Since they ranked high on Canada’s list of preferred immigrants, Balts were among the first displaced persons to be resettled in Canada. As a group, the Balts were comprised of Estonians, Latvians, and Lithuanians. Many of the individuals within this group found themselves in Austrian and German Displaced Persons (DPs) camps after fleeing the Soviet occupation of their homelands in 1940, the German invasion of 1944, and the Soviet advance in that same year. With the Soviet invasion towards the end of the Second World War, thousands of Balts fled their homelands to refugee camps in Western Europe or to neutral countries including Sweden.[3]

By mid-1946, Canada was in the midst of an economic boom. Public opinion largely opposed an increase in immigration from Europe, even as Canadian workers moved into better paying employment, and Canada suffered from a labour shortage. A 1946 opinion poll found that only 37 percent of respondents were willing to consider northern European immigrants and an overwhelming majority opposed Eastern and Southern European immigrants.[4] In spite of public opinion and with the federal Cabinet’s approval, the recruitment of European DPs from camps in Occupied Germany, Austria, and Italy began. Polish war veterans were among the first movements of postwar immigrants to enter Canada from war-ravaged Europe. In July 1946, the federal government passed an Order-in-Council permitting approximately 3,000 Polish Free Army veterans to enter Canada after refusing to be repatriated back to their homeland now occupied by Soviet forces. The Polish veterans arrived at Pier 21 in five successive contingents aboard the SS Sea Robin, SS Sea Snipe and HMT Aquitania.[5]

Implementation of the Displaced Person (DP) movement (1947-1952)

On 7 November 1946, Prime Minister Mackenzie King issued emergency orders to bring a more substantial number of displaced persons and political refugees to Canada. Under the Displaced Person (DP) movement 1947-1952, two labour programs were introduced. First, the bulk-labour scheme which allowed Canadian employers to specify the number of contracts and workers they required, and second, a close-relative plan which permitted Canadian residents to sponsor family members and individuals who were not relatives if employment and housing were guaranteed for them. The selection of DPs was ultimately guided by economic considerations. However, ethnic prejudices and political biases also existed as Jews were routinely rejected, and individuals with left-wing or communist sympathies were labelled as “undesirables.” If these restrictions were not enough, federal officials only sought out refugees who were in good health.[6] Similarly, Canadians wanted young, strong, and willing workers who would be content to stay in their jobs.

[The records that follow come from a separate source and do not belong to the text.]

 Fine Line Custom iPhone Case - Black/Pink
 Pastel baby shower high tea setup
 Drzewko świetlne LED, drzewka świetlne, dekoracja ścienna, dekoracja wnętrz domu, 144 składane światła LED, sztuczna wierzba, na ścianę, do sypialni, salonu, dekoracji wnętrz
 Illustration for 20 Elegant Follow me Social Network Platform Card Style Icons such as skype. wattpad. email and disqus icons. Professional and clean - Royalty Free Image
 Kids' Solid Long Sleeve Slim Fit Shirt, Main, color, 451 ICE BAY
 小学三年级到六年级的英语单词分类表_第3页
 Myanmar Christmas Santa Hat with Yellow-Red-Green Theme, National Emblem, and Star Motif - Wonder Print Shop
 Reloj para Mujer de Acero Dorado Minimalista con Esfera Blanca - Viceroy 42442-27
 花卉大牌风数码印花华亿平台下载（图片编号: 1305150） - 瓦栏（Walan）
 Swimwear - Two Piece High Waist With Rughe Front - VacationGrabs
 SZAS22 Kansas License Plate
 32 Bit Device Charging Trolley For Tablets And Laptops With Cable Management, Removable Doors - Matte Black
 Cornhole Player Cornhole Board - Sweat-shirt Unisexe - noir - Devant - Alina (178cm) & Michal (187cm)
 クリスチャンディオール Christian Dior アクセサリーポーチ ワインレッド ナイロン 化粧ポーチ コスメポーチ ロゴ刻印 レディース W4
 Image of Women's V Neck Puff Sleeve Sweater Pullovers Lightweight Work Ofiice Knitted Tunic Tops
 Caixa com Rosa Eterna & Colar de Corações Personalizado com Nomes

By 1947, Canada began to consider Europe’s displaced population as potential immigrants. This was a major shift from previous policies which had limited immigration to groups already prevalent in Canadian society – notably individuals of British and French background. On 1 May 1947, Mackenzie King famously stated in the House of Commons that "...the people of Canada do not wish, as a result of mass immigration, to 'make a fundamental alteration in the character of our population'.”[7] As a result, Asian immigration continued to be restricted, while immigrants from the United States and the old Commonwealth countries would continue to enjoy preferred treatment.[8] In January, a Canadian immigration officer was stationed in Occupied Germany, and two months later, two Canadian immigration teams were interviewing, selecting, and examining prospective refugees for immigration to Canada. The Canadian immigration mission was tasked with ensuring “…a reasonable division of nationalities,” mostly Balts.[9] On 4 April 1947, the first displaced persons and political refugees to be resettled in Canada sailed aboard HMT Aquitania. The federal government granted special authority for the admission of 10,000 DPs during 1947. By the summer of 1947, five Canadian immigration teams in Austria and Germany were selecting individuals for resettlement. In June, the federal Cabinet authorized – through an Order-in-Council – the entry of an initial wave of 5,000 non-sponsored DPs. Subsequent orders passed between July 1947 and October 1948, permitted over 45,000 DPs to enter Canada.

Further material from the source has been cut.